There came another cry, whether of joy or terror, and then they knew that someone was swimming towards them.
“Stand by to heave him up, men,” said Caspian.
“Aye, aye, your Majesty,” said the sailors. Several crowded to the port bulark with ropes and one, leaning far out over the side, held the torch. A wild, white face appeared in the blackness of the water and then after some scrambling and pulling, a dozen friendly hands had heaved the stranger on board.
Edmund thought he had never seen a wilder looking man. Through he did not otherwise look very old, his hair was an untidy mop of white, his face was thin and drawn, and for clothing only a few wet rags hung about him. But what one mainly noticed were his eyes, which were so widely opened that he seemed to have no eyelids at all, and stared as if in an agony of pure fear. The moment his feet reached the deck he said:
“Fly! Fly! About with your ship and fly. Row, row, row for your lives away from this accursed shore!”
“Compose yourself,” said Reepicheep, “and tell us what the danger is. We are not used to flying.”
The stranger started horribly at the voice of the voice of the Mouse, which he had not noticed before.
“Never the less you will fly from here,” he gasped. “This is the island where dreams come true.”
“That’s the island I’ve been looking for this long time,” said one of the sailors. “I reckoned I’d find I was married to Nancy if we landed there.”
“And I’d find Tom alive again,” said another.
“Fools!” said the man stamping his foot with rage. “That is the sort of talk that brought me here, and I’d better have been drowned or never born. Do you hear what I say? This is where dreams – dreams, do you understand? – come to life, come real. Not daydreams: dreams.

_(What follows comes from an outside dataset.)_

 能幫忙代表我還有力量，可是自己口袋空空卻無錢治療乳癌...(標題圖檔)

There was about a half a minutes’s silence and then, with a great clatter of armour the whole crew were tumbling down the main hatch as quick as they could and flinging themselves on the oars to row as they had never rowed before; and Drinian was swinging round the tiller, and the boatswain was giving out the quickest stroke that had ever been heard at sea. For it had taken everyone just that half-minute to remember certain dreams they had had – dreams that make you afraid to go to sleep again – and to realize what it would mean to land on a country where dreams come true.
Only Reepicheep remained unmoved.
“Your Majesty, your Majesty,” he said, “are you going to tolerate this mutiny, this poltroonery? This is a panic, this is a rout.”

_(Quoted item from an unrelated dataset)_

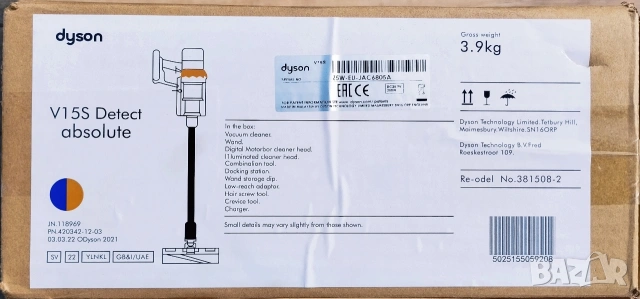 DYSON V15s Detect Absolute, снимка 10 - Прахосмукачки - 54100149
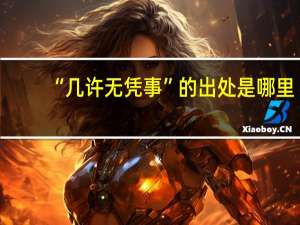 “几许无凭事”的出处是哪里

“Row, row,” bellowed Caspian. “Pull for all our lives. Is her head right, Drinian? You can say what you like Reepicheep. There are some things no man can face.”
“It is, then, my good fortune not to be a man,” replied Reepiceep with a very stiff bow.
(C.S. Lewis – The Voyage of the Dawn Treader)

If, upon arriving in the caves of the Dream Masters and you are greeted by this woman bearing red poppies, you will soon discover that this is not a world of daydreams, wishes and hopes. It is the world of dreaming and the path you must follow is sometimes known as the Royal Road of Unconsciousness.